Quantum Kernels in Practice

In this lecture, Jen Glick explains how you can use quantum kernels. In machine learning and more specifically in classification problems, kernels are transformations that you can apply to a given dataset to highlight interesting features that enable a better distinction between possible existing classes. You can then construct the quantum counterpart and use quantum computers to compute them. The quantum kernel must be hard to estimate classically to gain a computational advantage (otherwise we could just do it on a classical computer), but simply being hard to simulate doesn't mean the kernel will be useful at all. One approach to using quantum kernels in practice is to design them to exploit structural insight that a classical computer is not able to perform with properties of entanglement or superposition. In fact, the DLOG Kernel can exploit group structure in the data with a proven speedup over any classical counterpart. In the rest of the lecture, Jen Glick presents and comments a simple example of quantum kernel on a dataset with group structure.

FAQ

What kind of practical data can have group structure? It is hard to think of a specific practical dataset. However, if the data has some kind of symmetry, it is very likely to have a group structure. This is a way of thinking in order to find a problem that will fit into the framework of quantum kernels exploiting group structures. The field and the idea is very early so anyone can find a dataset with structural properties.
How to know if a quantum kernel is hard to estimate classically or not before starting to work on it? Hard to estimate classically means you can prepare and execute the quantum circuit efficiently whereas a classical implementation will take an exponentially longer time to compute. There are known classes of quantum circuit that obey those properties. On the contrary, quantum circuits with a lot of entanglement or qubits do not necessarily mean the corresponding circuit is hard to estimate classically. Thus, the known classes are a good starting point in order to build a quantum kernel that will bring a speedup advantage.
How do we select the right quantum kernel for a particular problem on dataset?

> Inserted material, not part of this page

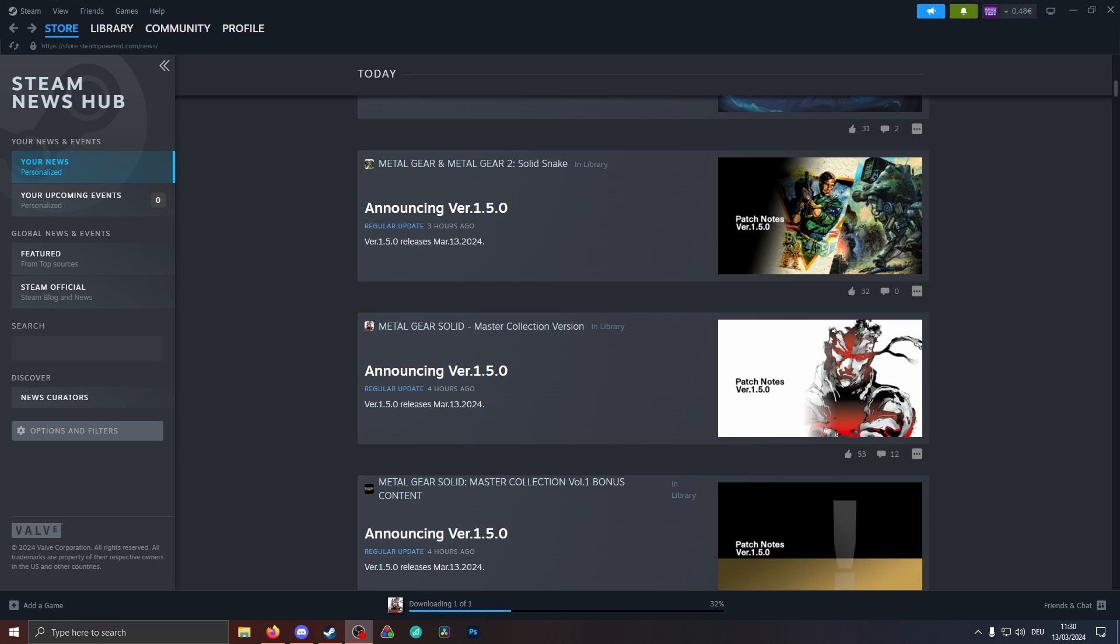Hello everyone and welcome back to another update video here for the Metal Gear Solid Master Collection. We are now on version 1.50 on PC. The update will eventually come out to consoles as well. Let's take a quick look at what's important here.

The million dollar question. A first approach can be the brute force using a bunch of different kernels and compare to find out how well they perform but it does not guarantee any meaningful results over classical kernels. Another approach is to find a way to optimize a given kernel according to the dataset. Tuning a kernel on a given dataset is directly link to the generalization bound it will perform on other datasets of similar problems.
Does the group structure only refer to training data or can be expected from testing data and other examples? In this framework, the assumption is that the full dataset has this underlying structure because the way kernels are designed is aimed at this structure. Indeed, training a kernel based on this assumption would lead to poor performances and other datasets with different group structure because it is applied to the specific training and testing.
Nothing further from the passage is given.